Olympic torch blasts into space ahead of Games
By LAURA MILLS, Associated Press
Nov 7, 2013 12:11 AM CST
From left, Japanese astronaut Koichi Wakata, Russian cosmonaut Mikhail Tyurin and U.S. astronaut Rick Mastracchio, crew members of the mission to the International Space Station (ISS) walk to a bus from a hotel with an Olympic torch prior the launch of a Soyuz-FG rocket at the Russian leased Baikonur...   (Associated Press)

A rocket carrying the Olympic flame successfully blasted off Thursday from earth ahead of the Sochi 2014 Winter Games.

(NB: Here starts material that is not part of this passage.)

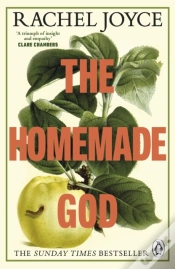 Capa do artigo Homemade God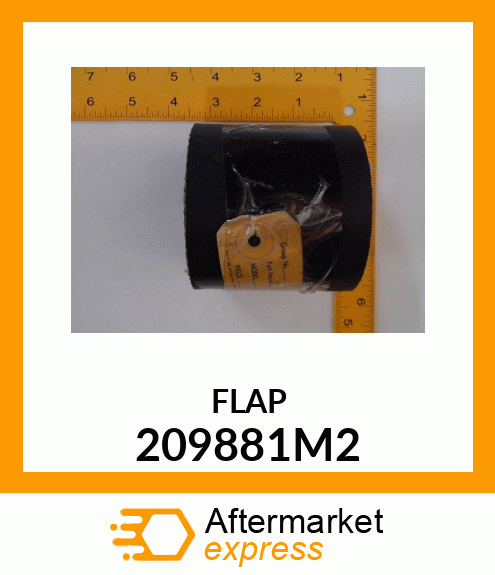 FLAP 209881M2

NASA Live TV showed the rocket, emblazoned with the pale blue Sochi 2014 logo, launching from the Russian-operated Baikonur cosmodrome on a clear morning in Kazakhstan.

The torch will make its way to the International Space Station before being taken into space itself _ making it the Olympic flame's first spacewalk in history.

Russia's Mikhail Tyurin, NASA's Rick Mastracchio and Koichi Wakata of Japan beamed at the crowd as they carried the lit torch aboard the Soyuz rocket.

For safety reasons, the torch will not burn when it's onboard the space outpost. Lighting it would consume precious oxygen and pose a threat to the crew. The crew will carry the unlit torch around the station's numerous modules before taking it out on a spacewalk.

The Olympic torch has flown into space once before _ in 1996 aboard the U.S. space shuttle Atlantis for the Atlanta Summer Olympics _ but will be taken outside the spacecraft for the first time in history.

"It's a great pleasure and responsibility getting to work with this symbol of peace," Tyurin told journalists on Wednesday ahead of the launch.

The torch will remain in space for five days. Russian cosmonauts Oleg Kotov and Sergei Ryazanskiy, who are currently manning the International Space Station, will take the flame for a spacewalk on Saturday, before it is returned to earth by three astronauts on Monday.

The four-month Sochi torch relay, which started in Moscow on Oct. 7, is the longest in the history of the Olympics. For most of the 65,000-kilometer (39,000-mile) route, the flame will travel by plane, train, car and even reindeer sleigh, but 14,000 torch bearers are taking part in the relay that stops at more than 130 cities and towns.

Last month, the Olympic flame traveled to the North Pole on a Russian nuclear-powered icebreaker. Later this month it will sink to the bottom of the world's deepest lake, Lake Baikal, and in February it will reach the peak of Mount Elbrus, at 5,642 meters (18,510 feet) the highest mountain in Russia and Europe.

The torch will be used to light the Olympic flame at Sochi's stadium on Feb. 7, marking the start of the 2014 Winter Games that run until Feb. 23.